The PTB dataset has been pre-processed. Nevertheles, let's learn some basic text pre-processing commands.

To lowercase a given string, you can use `str.lower()` command.

To filter out the non-alphanumeric characters (e.g. comma(,), question mark(?), colon(:), dash(-), dollar sign($), equal symbol(=), plus sign(+), apostrophes(') and etc.) and split the text into the words, you can use python regular expression operations (check the [python documentation](https://docs.python.org/3/library/re.html) to learn more).

In [2]:
# Split the raw data into sentences and save them into a list (delimiter for sentence boundaries: '\n')
data = raw_data.split('\n')
#data = re.split('\n', raw_data)  # you can also use regular expressions
data = [sent.strip() for sent in data if sent != '']  # remove empty sentences, see "list comprehension" 

print("Type: ", type(data))   # type of the data
print("Size: ", len(data))    # number of sentences
print("Sentence: " + data[2]) # print a sentence, try to print another sentence (symbol '<unk>' corresponds to unknown word)

Type:  <class 'list'>
Size:  42068
Sentence: mr. <unk> is chairman of <unk> n.v. the dutch publishing group


## Word counting

We will create a dictionary which contains a word as a key and its frequency as a value, eg. 'judge': 262



In [3]:
dictionary = dict()  


In [4]:
for sent in data:
    for word in sent.split():
        if word in dictionary:
            dictionary[word] += 1
        else:
            dictionary[word] = 1


In [5]:
for sent in data:
    for word in sent.split():
        dictionary[word] = dictionary.get(word,0) +1


In [6]:
# Check the dictionary
print("Size: "+str(len(dictionary)))  # number of unique words
print(dictionary['judge'])            # try other words
print(dictionary['<unk>'])            # try other words

Size: 9999
524
90040


In [7]:
# #Solution1
# dictionary = dict()
# for sent in data:
#     for token in sent.split():
#         if token not in dictionary:
#             dictionary[token] = 1
#         else:
#             dictionary[token] += 1

In [8]:
#Solution2
dictionary = dict()
for sent in data:
    for token in sent.split():
        dictionary[token] = dictionary.get(token,0) + 1

## Building Unigram Language Model (probabilistic model)

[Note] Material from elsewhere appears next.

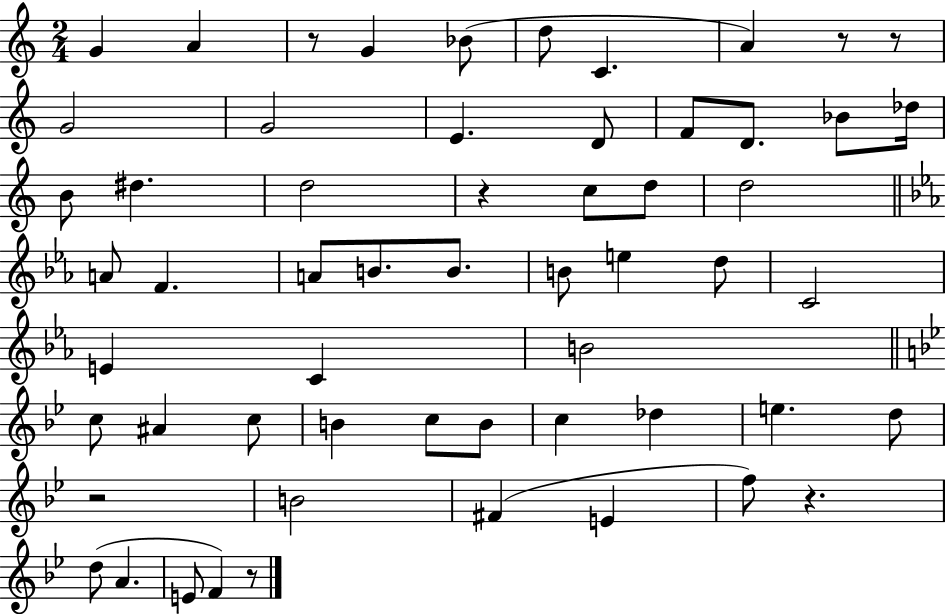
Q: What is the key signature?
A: C major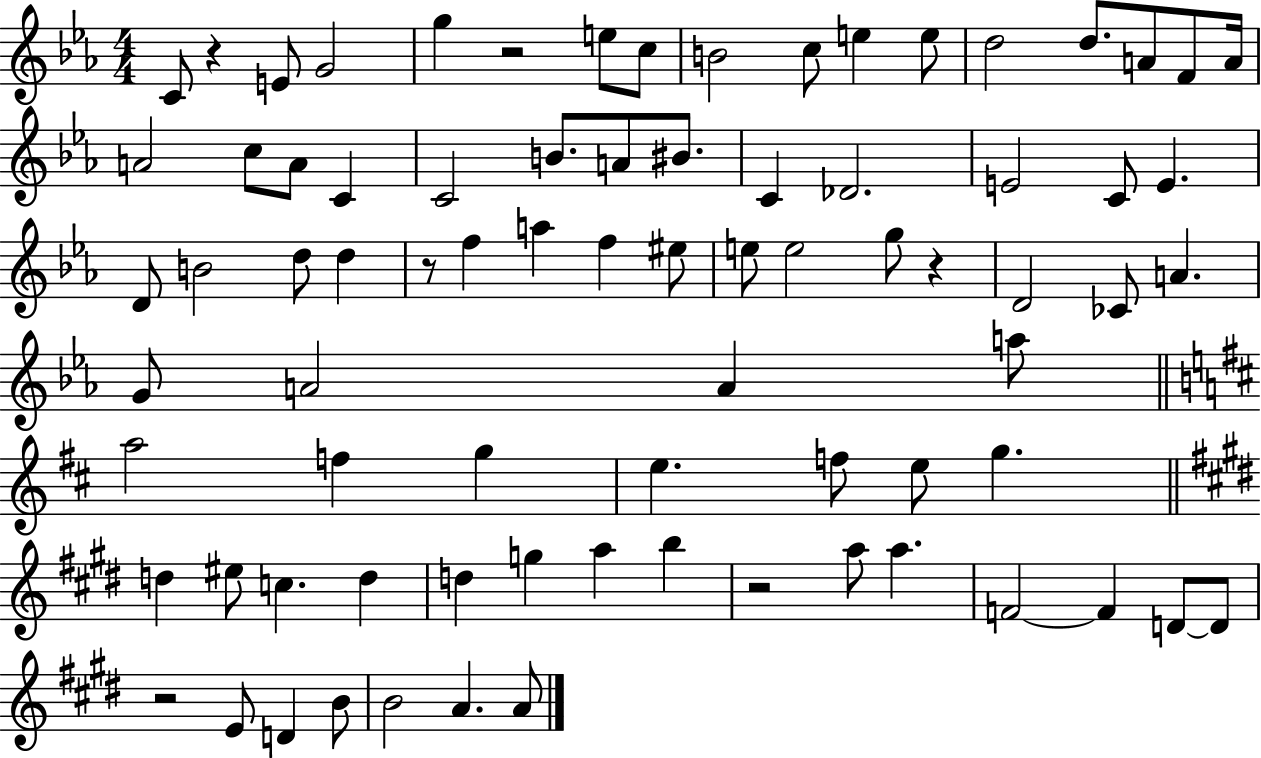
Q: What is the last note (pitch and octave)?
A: A4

To build a probabilistic model of a text, we can employ the frequentist approach, i.e. use relative frequency to estimate probability scores.
Suppose we want to estimate probability of a sentence "how are you", then we need to count how many times it appears in the dataset. This approach is infeasible for long and/or complex sentences that might be absent or appear a few times in the dataset.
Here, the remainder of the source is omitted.